▶ [Supplied data]
# # #
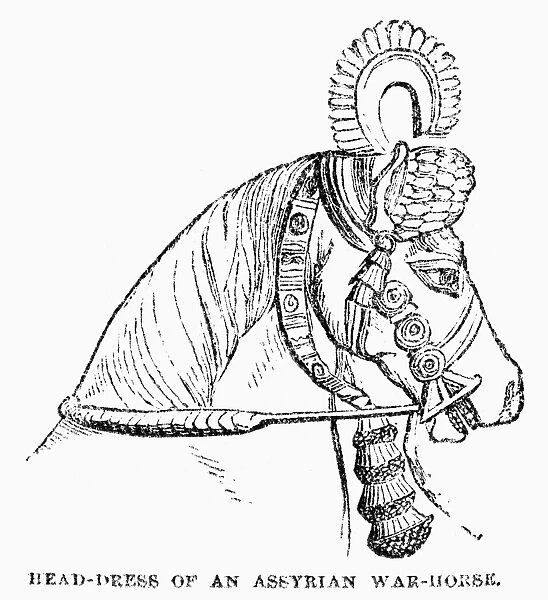 ASSYRIAN WARHORSE. Headdress of an ancient Assyrian warhorse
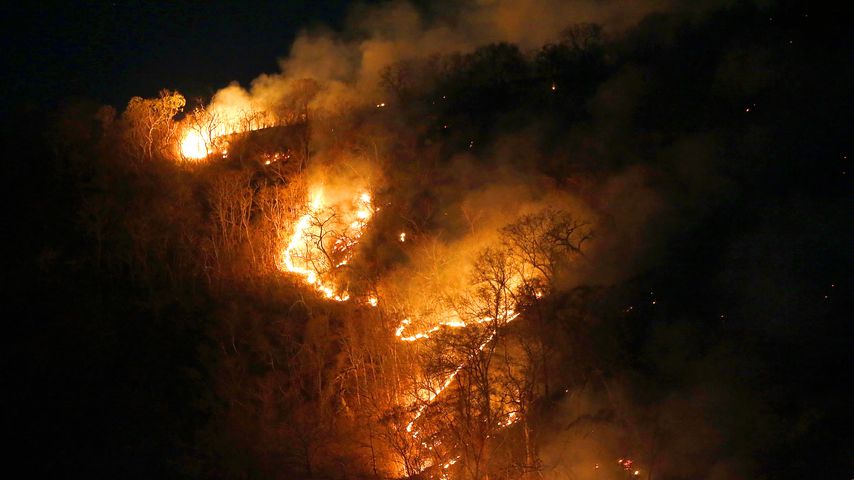 Waldbrand im Amazonas, August 2019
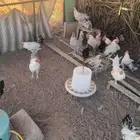 ديوك بلدية فاخرة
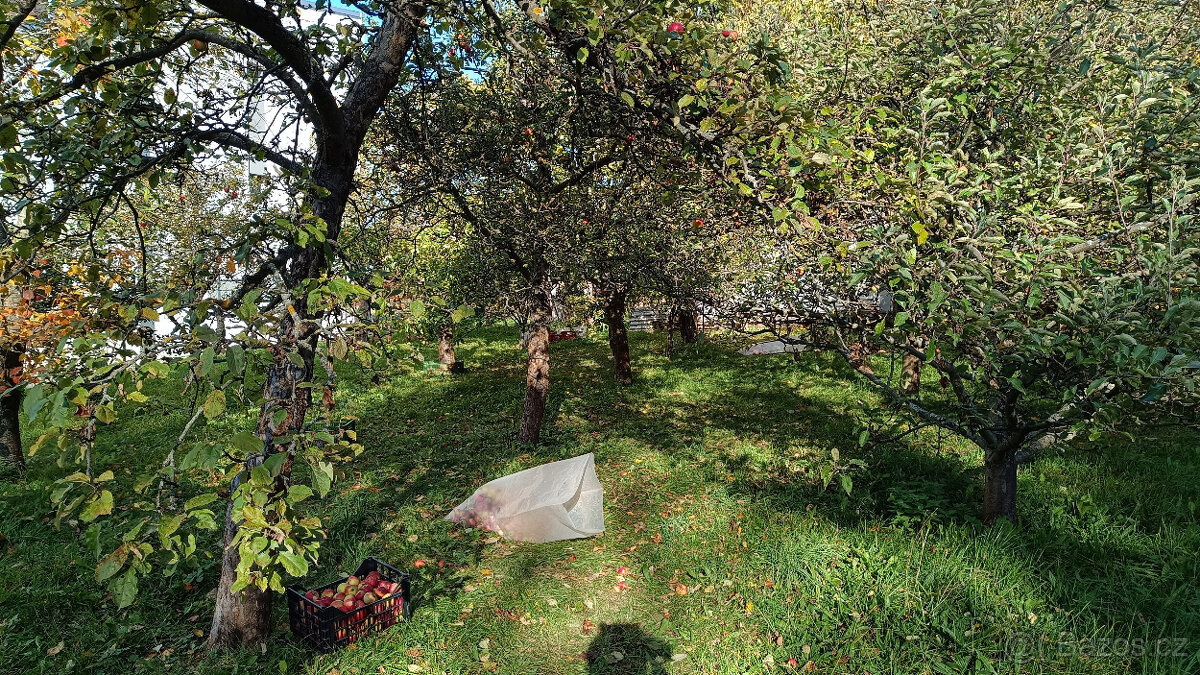 Dlouhodobý pronájem zahrady - 2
# # #
▶ [Directions for this task]
Could you repeat all of the material exactly? Pictures should not be copied.

▶ [Finished exercise]
 ASSYRIAN WARHORSE. Headdress of an ancient Assyrian warhorse
 Waldbrand im Amazonas, August 2019
 ديوك بلدية فاخرة
 Dlouhodobý pronájem zahrady - 2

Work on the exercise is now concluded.